I got my basics in Christianity at a Church of England parochial school. My parents, traumatized by WWII, moved us around a lot until, when I was 12, they settled in Toronto, Canada. There they became spiritualists and joined a small church led by a Welsh wise woman. My father played the organ for services, Mother read ballots (unopened questions from the congregation, called psychometry), and I learned the Tarot. On Fridays there were seances in our living room. Not a normal childhood!

In 1963, I went to San Francisco, arriving just as the whole flower child movement began. On my first day I went to City Lights books and laid my hand on the Tao Te Ching. That started 17 years of reading about Taoism, Buddhism, Hinduism and Sufism. And years of wonderful conversations with others who were reading Alan Watts, Daisetz Suzuki and Swami Vivekenanda. When anyone asked, as they did in those days, "Who's your guru?" I answered Joseph Campbell. Every day I came home from work and meditated for one hour.

By 1980, when the New Age had mellowed into middle age, and everone but the gays had moved on, I came north to Seattle. At first I hated it because I had grown used to a place where outsiders like me fit in. Seattle seemed populated by WASP families, by conservatives, and by mould spores. I was snubbed for my California style and for the psychobabble I spoke. In Seattle nobody I met, in those early days, meditated or quested for truth or read the Tao Te Ching.

Getting older, with no family but a brother in Canada, I started longing to belong and shopped churches for a while. I have always liked churches, but at the ones I visited, they were not comfortable talking about God or spiritual journeys. They seemed, to me, just social centers.

One Christmas Eve I went to midnight mass at St. James Cathedral and was moved by the great crucifix. I saw Christ as Tammuz/Osiris, the One who dies and rises again and again, the human link with divinity. And I felt connected to generations of Celtic ancestors who had been Catholic. I joined the Church. I even became employed in the offices of the Archdiocese, which was not at all about sweetness and light. By working very hard and praying constantly for justice, and by what often seemed like divine intervention, I survived until retirement. I have remained a member of the Cathedral parish, facilitating faith sharing groups, reading the scriptures and telling Bible stories.

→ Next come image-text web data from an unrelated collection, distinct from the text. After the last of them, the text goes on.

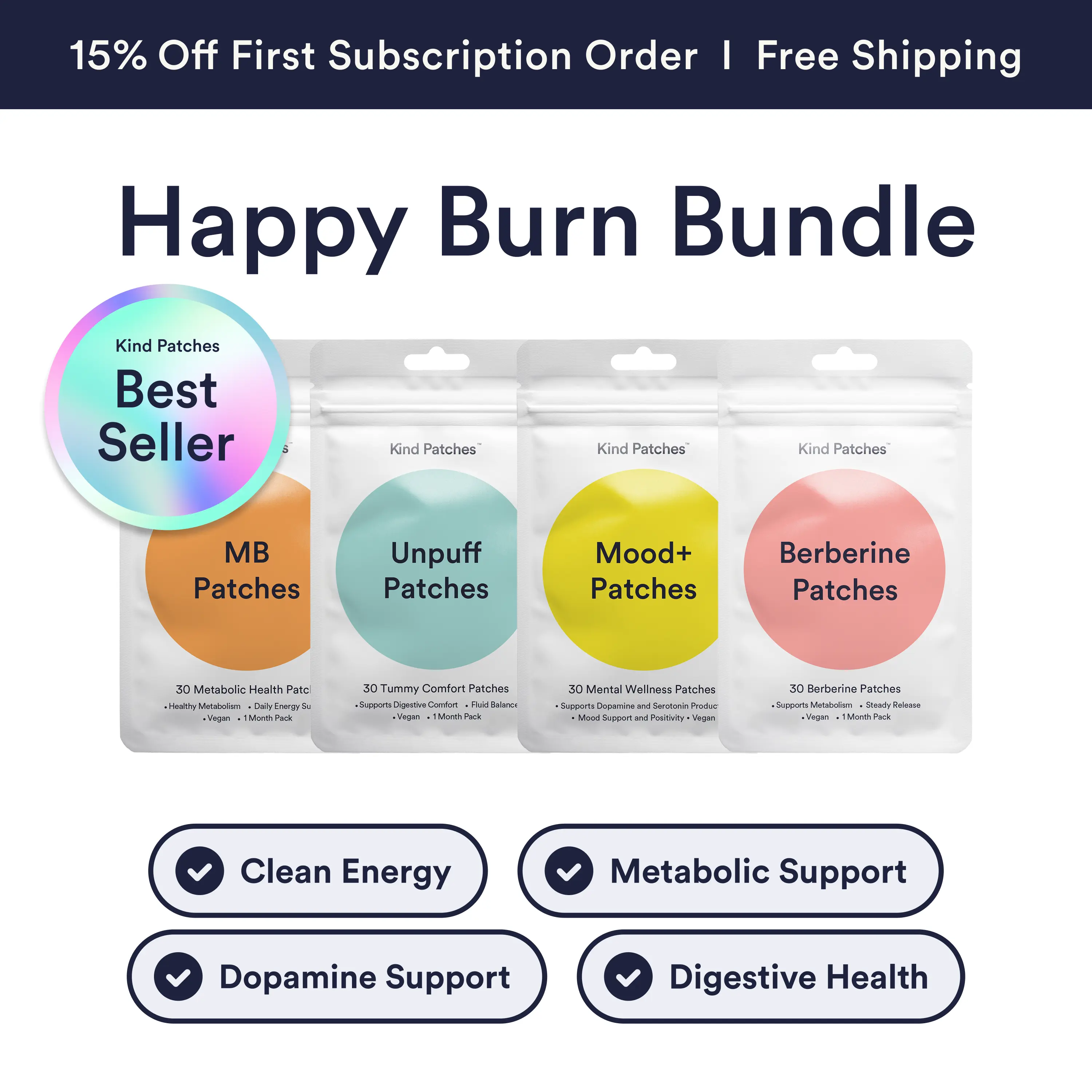 Kind Patches Happy Burn Bundle, Mood+ Patches + MB Patches + Berberine Patches + Unpuff Patches, Metabolic/Mood Support, Clean Energy, Balanced Gut, Digestive Health, Natural Ingredients, Vegan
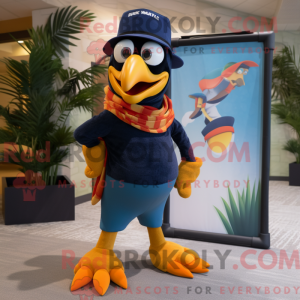 Navy Toucan-mascottekostuum...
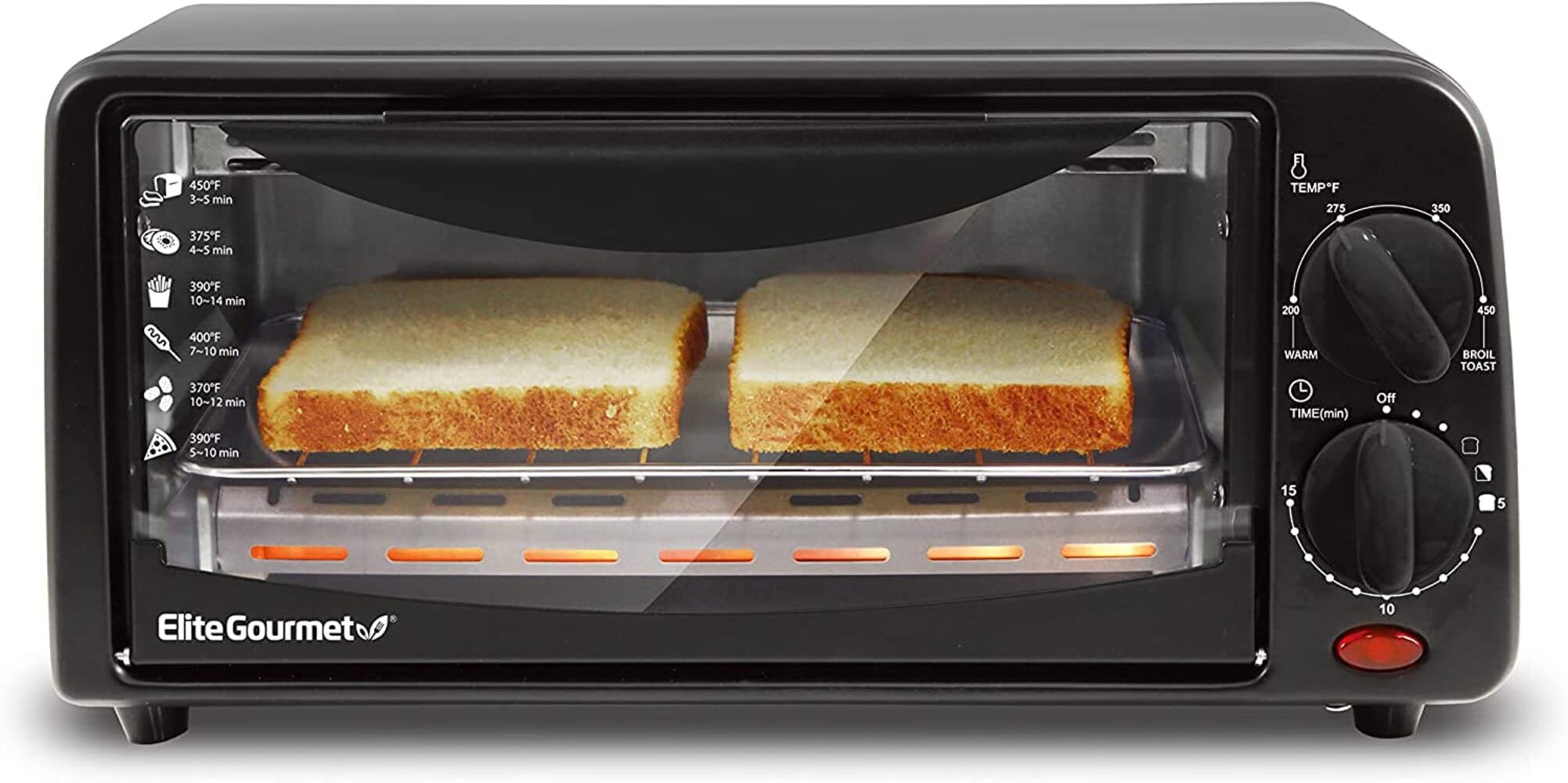 Elite Gourmet Countertop XL Toaster Oven w/ Top Grill & Griddle & Lid + Convection Rotisserie, Bake, Broil, Roast, Toast, Keep Warm & Steam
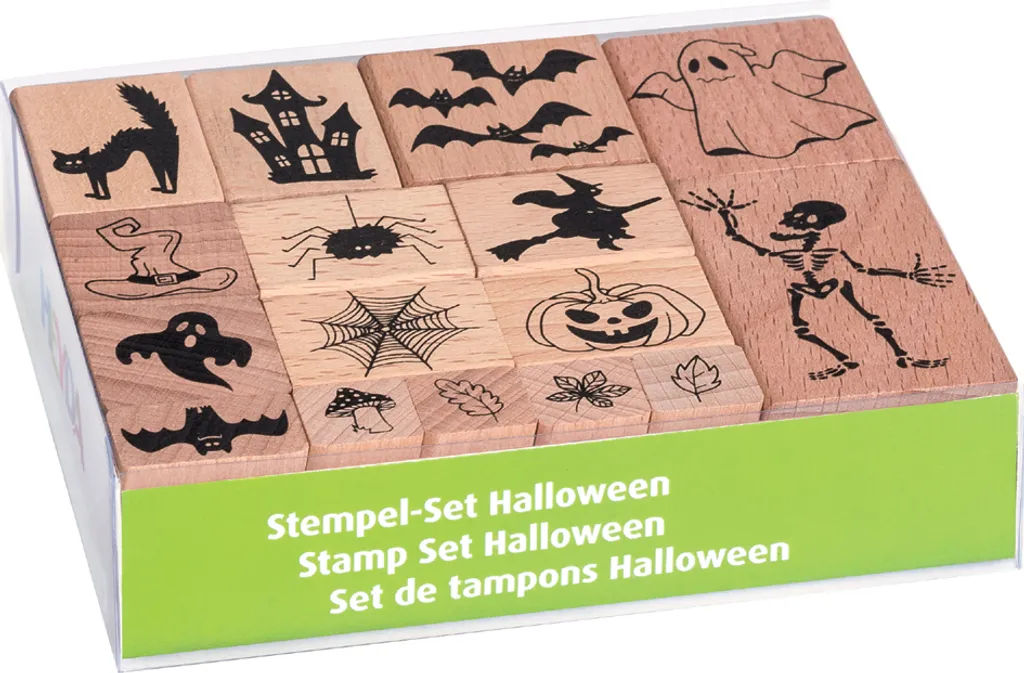 Set de tampons Halloween HEYDA avec boîte transparente de 16 pièces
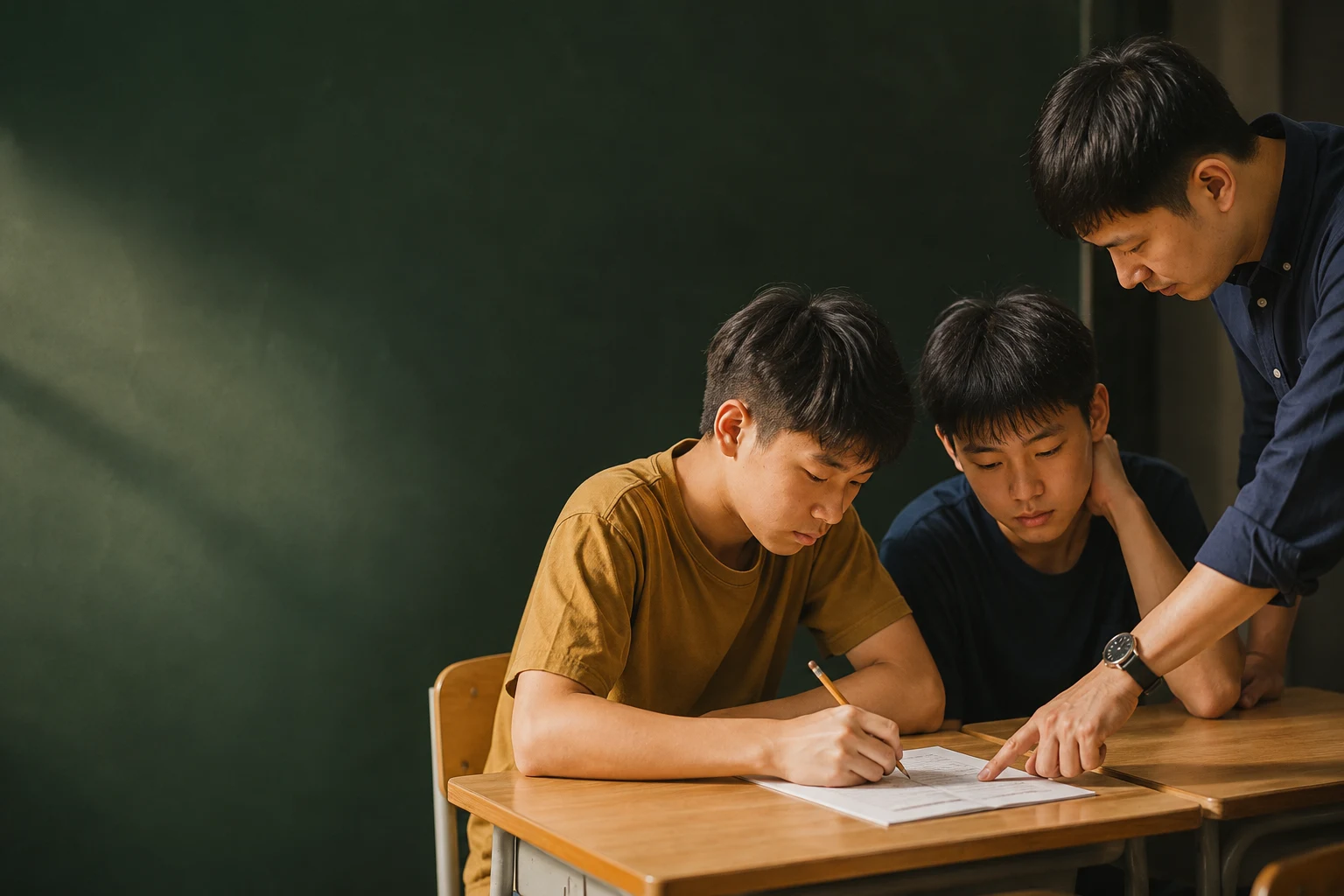 教學情境示意：兩位學生以紙本練習，老師指導題目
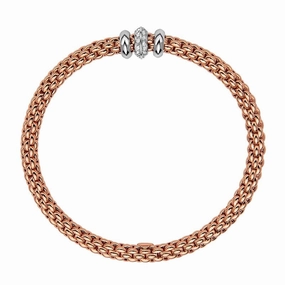 Fope Flex'it Solo 18ct Rose Gold 0.17ct Diamond Bracelet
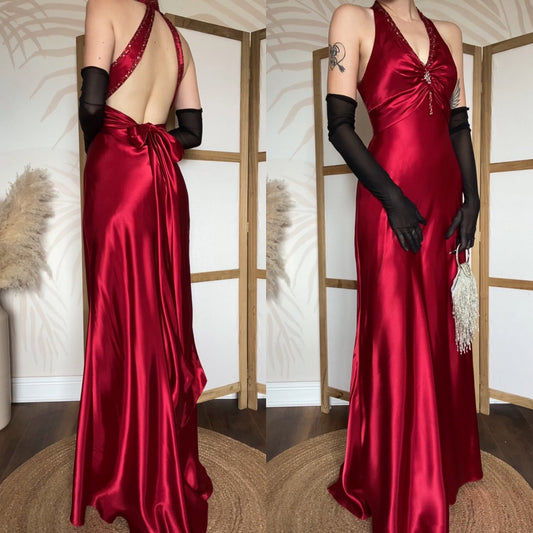 Niki Livas red satin beaded evening gown uk 10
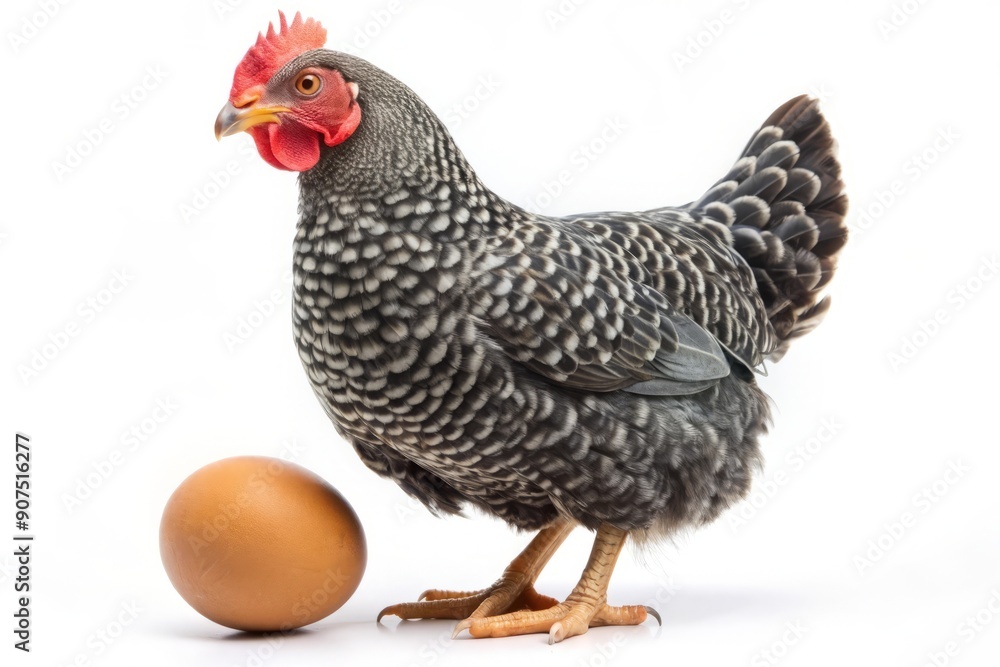 Fototapeta premium Hen and Egg Isolated on White Background.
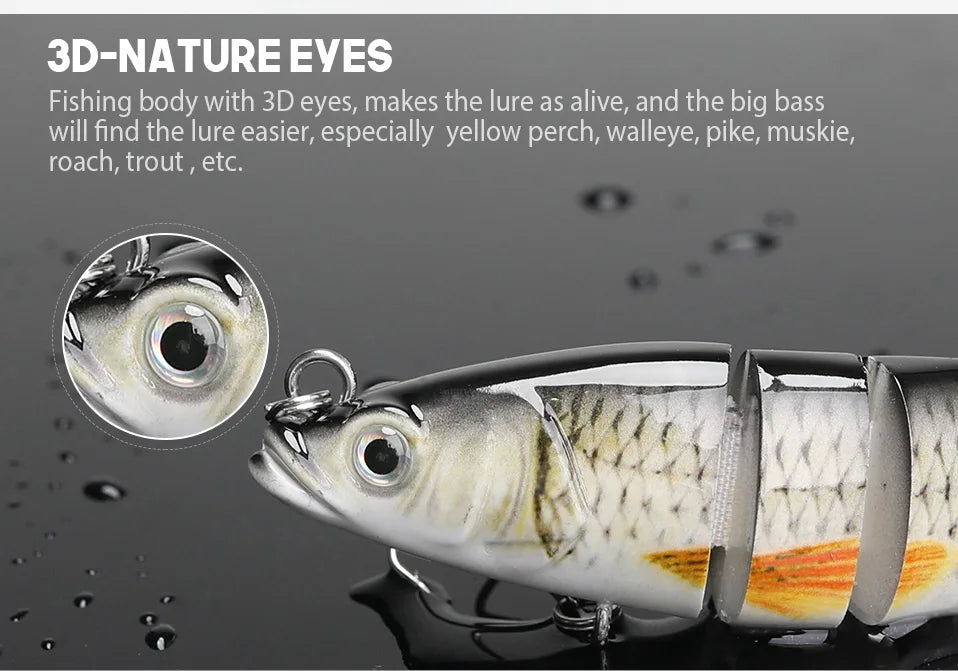 VTAVTA 8-Segment Jointed Crankbait – 10/14cm Sinking Swimbait Lure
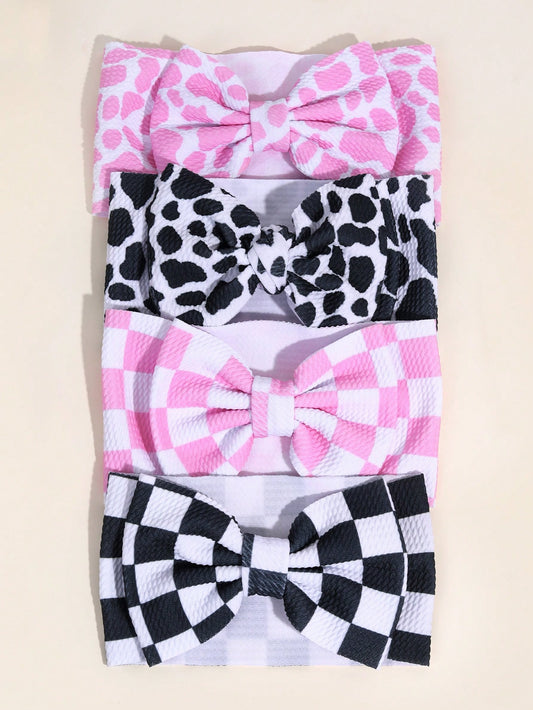 1pc Checkerboard Bow Baby Headband, Pink & White Cow Print Headband, Suitable For Toddlers, Infants And Newborns, Cute Hair Accessory, Elastic Headband, Racing Bow Headband, Elastic Headwrap, Children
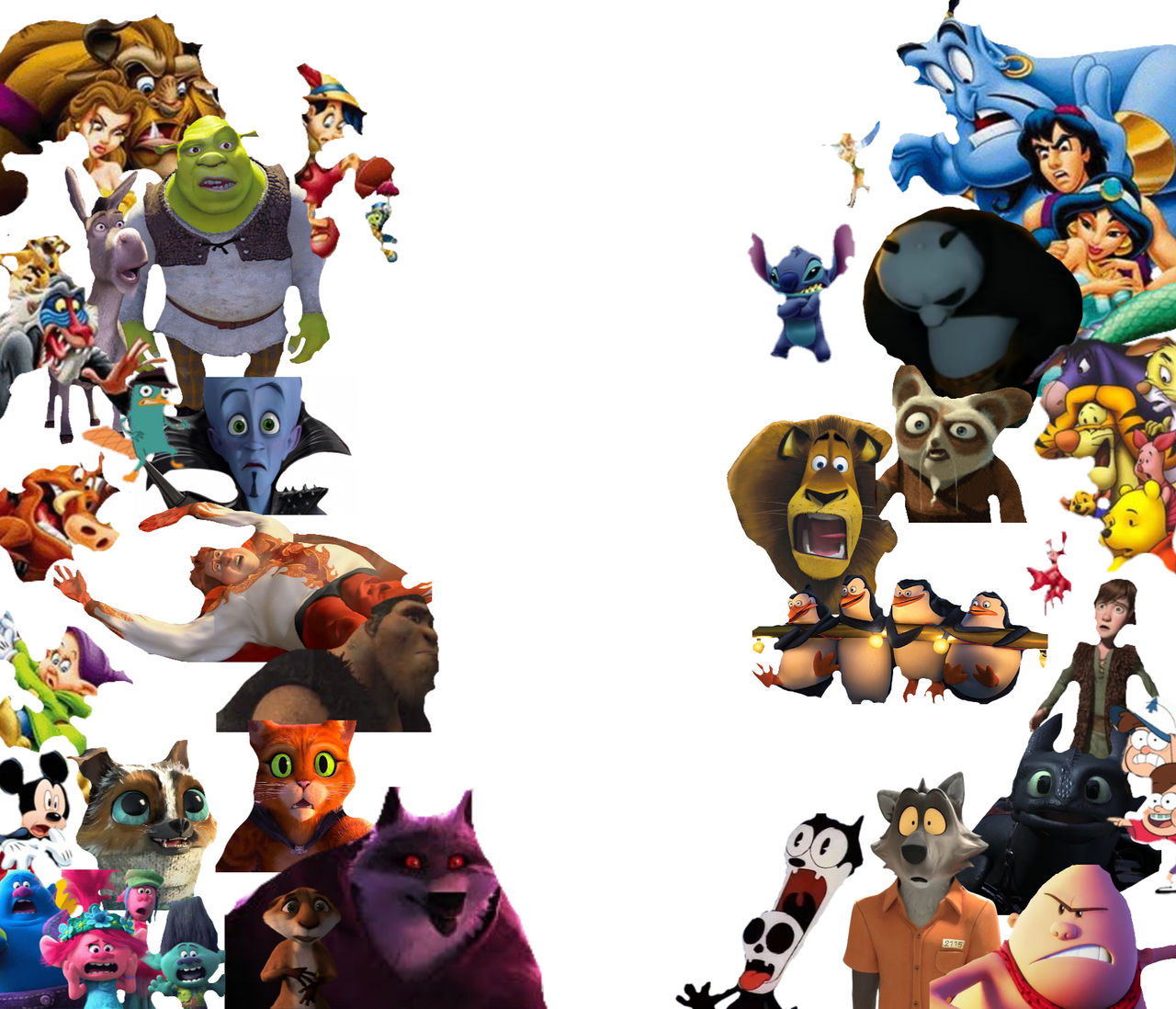 Disney + Dreamworks Characters Shocked Poster 3.0. by gumballnetworkcu ...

For 17 years I went to mass every Sunday, health and weather permitting. But it came to feel like a hypnotic induction in which the beta (everyday consciousness) level of the brain is lulled by repetition until the alpha (dreamy and visionary) level is reached and one is uncritically open to suggestion. Never comfortable with jargon, I accepted it as part of the Catholic tradition, also rote prayers and some theology which borders on the ridiculous. I have been befriended by some good, sincere, and even holy, Catholics. I learned much from our wise and compassionate pastor, from reading about medieval mystics and from a course on the teachings of Thomas Keating. I was always moved and inspired by the beautiful and grand liturgy with all its sensory glories of ritual procession, light, water, music and incense.

But I guarded my tongue and kept to myself what I had learned from earlier reading and from life. Of course, no human institution is perfect, but for me, with my expansive and varied background, the Roman Catholic parameters sometimes seemed like walls. And as the Church slides backwards into pre-Vatican II conservatism, I ask myself, "What's a nice liberal like me doing in a church like this?"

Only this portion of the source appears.